Lines to return, exactly: from the line with "Cheetah Stare Ovale Sticker (Tas)" to the line with "Lire la suite" in the entries below, both included.

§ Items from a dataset
------------------------------------

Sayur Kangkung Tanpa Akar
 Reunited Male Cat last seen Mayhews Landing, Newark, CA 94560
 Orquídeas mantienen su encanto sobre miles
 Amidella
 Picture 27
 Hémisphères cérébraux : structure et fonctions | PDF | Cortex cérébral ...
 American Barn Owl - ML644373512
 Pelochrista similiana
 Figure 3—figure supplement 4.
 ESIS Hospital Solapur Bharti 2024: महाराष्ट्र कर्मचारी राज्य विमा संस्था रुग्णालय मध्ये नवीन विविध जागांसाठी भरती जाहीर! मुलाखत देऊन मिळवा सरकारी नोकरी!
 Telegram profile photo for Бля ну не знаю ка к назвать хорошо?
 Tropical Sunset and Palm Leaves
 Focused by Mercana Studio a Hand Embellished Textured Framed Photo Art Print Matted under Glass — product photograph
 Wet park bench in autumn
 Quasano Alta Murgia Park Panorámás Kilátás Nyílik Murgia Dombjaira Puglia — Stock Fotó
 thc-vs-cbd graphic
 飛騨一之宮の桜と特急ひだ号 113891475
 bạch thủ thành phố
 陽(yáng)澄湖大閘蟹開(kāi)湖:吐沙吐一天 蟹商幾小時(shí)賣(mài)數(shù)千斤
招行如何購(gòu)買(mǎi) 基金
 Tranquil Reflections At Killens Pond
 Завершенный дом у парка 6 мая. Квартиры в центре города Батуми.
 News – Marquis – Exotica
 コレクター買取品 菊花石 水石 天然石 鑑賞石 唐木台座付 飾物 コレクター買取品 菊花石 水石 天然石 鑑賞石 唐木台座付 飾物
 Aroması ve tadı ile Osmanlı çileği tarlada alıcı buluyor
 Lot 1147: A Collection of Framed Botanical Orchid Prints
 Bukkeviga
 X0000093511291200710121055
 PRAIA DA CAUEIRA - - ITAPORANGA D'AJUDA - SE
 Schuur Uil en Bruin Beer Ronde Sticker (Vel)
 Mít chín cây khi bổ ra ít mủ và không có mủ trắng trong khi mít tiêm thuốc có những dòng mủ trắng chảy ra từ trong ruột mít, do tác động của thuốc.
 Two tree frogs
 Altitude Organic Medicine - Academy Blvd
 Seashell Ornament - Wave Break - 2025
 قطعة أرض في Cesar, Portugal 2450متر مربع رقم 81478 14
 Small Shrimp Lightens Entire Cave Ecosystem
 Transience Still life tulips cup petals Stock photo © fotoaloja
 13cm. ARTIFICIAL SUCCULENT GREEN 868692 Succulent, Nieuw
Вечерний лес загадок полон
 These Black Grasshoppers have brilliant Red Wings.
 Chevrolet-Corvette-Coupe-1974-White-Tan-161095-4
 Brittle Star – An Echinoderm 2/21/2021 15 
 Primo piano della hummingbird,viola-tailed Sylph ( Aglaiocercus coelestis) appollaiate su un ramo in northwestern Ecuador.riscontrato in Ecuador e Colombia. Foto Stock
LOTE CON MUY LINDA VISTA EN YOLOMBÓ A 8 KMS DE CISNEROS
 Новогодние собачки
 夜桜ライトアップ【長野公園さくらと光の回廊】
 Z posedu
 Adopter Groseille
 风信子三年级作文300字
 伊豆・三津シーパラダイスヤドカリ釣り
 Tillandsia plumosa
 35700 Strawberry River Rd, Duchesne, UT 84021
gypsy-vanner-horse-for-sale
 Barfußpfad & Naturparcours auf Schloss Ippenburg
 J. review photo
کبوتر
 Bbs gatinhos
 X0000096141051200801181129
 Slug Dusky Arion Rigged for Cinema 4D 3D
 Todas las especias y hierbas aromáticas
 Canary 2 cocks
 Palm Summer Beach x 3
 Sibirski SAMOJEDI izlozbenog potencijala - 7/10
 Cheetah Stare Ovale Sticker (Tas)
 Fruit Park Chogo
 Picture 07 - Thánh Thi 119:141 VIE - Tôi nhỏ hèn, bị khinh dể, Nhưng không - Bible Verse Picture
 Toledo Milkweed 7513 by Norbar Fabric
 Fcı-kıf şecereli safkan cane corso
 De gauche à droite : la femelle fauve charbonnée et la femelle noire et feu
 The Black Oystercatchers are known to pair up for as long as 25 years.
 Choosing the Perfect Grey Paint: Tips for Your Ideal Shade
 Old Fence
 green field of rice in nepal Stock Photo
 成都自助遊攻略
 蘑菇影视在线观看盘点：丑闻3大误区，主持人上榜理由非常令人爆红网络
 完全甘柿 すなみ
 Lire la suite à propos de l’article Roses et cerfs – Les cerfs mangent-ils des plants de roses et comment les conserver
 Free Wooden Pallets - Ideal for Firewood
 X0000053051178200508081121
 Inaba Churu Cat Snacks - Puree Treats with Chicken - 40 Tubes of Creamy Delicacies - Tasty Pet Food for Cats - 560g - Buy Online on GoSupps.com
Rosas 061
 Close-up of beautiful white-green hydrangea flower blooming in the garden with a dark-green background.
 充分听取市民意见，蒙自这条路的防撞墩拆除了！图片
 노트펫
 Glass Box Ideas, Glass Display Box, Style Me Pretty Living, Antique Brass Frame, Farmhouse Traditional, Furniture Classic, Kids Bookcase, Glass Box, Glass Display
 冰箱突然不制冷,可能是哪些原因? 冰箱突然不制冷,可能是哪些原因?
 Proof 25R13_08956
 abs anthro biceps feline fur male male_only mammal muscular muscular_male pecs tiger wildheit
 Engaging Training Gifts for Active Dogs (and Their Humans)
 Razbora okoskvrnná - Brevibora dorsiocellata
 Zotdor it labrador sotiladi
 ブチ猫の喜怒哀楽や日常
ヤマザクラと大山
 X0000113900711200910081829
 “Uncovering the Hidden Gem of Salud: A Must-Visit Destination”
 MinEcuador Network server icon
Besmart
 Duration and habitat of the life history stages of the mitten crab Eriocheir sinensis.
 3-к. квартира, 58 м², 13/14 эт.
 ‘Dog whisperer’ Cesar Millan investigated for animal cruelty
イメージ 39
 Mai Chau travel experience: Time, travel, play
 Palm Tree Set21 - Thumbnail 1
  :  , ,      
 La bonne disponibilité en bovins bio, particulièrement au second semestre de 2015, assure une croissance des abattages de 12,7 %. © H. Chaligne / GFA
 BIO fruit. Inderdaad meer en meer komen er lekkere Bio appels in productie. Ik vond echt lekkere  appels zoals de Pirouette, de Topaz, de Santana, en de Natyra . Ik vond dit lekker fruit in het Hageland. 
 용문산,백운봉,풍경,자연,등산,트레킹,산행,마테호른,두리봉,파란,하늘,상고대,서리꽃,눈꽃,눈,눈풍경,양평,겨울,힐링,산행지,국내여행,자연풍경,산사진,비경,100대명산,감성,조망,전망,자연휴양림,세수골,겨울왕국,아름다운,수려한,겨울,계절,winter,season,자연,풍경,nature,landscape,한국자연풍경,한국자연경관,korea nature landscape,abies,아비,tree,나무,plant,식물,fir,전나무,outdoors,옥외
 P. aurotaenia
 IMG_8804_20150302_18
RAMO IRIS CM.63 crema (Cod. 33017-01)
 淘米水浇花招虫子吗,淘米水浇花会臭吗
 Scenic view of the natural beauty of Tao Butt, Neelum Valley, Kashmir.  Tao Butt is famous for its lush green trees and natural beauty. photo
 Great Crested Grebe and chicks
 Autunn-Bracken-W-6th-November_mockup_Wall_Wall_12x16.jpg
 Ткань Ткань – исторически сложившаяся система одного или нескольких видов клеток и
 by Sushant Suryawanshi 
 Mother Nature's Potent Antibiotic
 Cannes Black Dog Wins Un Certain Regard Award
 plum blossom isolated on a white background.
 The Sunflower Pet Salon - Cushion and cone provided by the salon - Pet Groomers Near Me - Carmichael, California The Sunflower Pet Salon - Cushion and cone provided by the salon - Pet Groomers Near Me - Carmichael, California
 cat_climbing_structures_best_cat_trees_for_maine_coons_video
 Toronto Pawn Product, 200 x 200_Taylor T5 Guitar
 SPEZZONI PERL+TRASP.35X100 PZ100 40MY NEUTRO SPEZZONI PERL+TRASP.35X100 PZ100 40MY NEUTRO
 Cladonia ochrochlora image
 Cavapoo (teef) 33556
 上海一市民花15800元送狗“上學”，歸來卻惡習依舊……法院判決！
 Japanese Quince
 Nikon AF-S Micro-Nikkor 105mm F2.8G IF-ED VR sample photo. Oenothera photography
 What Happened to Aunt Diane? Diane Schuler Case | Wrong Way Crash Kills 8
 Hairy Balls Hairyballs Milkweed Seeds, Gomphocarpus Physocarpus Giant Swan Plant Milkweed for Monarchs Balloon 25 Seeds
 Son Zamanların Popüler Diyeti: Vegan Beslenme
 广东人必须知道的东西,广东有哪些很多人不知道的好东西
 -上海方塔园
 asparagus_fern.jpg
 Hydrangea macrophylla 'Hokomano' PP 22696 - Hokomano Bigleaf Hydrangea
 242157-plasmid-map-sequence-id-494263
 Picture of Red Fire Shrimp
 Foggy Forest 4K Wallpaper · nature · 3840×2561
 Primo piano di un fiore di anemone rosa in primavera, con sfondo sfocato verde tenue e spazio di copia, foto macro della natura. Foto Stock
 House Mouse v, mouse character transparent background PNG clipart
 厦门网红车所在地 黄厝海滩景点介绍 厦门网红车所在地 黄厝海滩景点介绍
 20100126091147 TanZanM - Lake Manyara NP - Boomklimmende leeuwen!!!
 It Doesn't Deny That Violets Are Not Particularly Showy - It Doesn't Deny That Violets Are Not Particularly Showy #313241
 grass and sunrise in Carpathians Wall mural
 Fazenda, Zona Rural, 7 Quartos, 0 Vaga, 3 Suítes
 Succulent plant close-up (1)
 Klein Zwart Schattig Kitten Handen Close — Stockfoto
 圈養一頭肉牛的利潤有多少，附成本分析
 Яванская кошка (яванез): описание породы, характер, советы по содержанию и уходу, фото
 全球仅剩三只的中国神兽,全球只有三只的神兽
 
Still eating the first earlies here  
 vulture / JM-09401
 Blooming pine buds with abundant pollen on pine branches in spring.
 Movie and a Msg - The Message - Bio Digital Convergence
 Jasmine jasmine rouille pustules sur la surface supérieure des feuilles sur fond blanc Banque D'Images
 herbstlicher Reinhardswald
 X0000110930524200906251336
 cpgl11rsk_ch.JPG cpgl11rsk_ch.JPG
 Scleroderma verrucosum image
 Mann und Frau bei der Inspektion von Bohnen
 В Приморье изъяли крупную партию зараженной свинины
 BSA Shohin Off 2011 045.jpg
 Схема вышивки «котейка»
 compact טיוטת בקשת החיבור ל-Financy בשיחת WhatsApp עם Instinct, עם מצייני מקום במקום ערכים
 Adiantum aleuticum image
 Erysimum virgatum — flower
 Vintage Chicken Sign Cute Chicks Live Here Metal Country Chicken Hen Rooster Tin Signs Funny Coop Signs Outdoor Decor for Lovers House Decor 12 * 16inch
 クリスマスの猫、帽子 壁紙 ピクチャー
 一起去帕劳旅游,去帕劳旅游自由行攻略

------------------------------------

§ Output
 Cheetah Stare Ovale Sticker (Tas)
 Fruit Park Chogo
 Picture 07 - Thánh Thi 119:141 VIE - Tôi nhỏ hèn, bị khinh dể, Nhưng không - Bible Verse Picture
 Toledo Milkweed 7513 by Norbar Fabric
 Fcı-kıf şecereli safkan cane corso
 De gauche à droite : la femelle fauve charbonnée et la femelle noire et feu
 The Black Oystercatchers are known to pair up for as long as 25 years.
 Choosing the Perfect Grey Paint: Tips for Your Ideal Shade
 Old Fence
 green field of rice in nepal Stock Photo
 成都自助遊攻略
 蘑菇影视在线观看盘点：丑闻3大误区，主持人上榜理由非常令人爆红网络
 完全甘柿 すなみ
 Lire la suite à propos de l’article Roses et cerfs – Les cerfs mangent-ils des plants de roses et comment les conserver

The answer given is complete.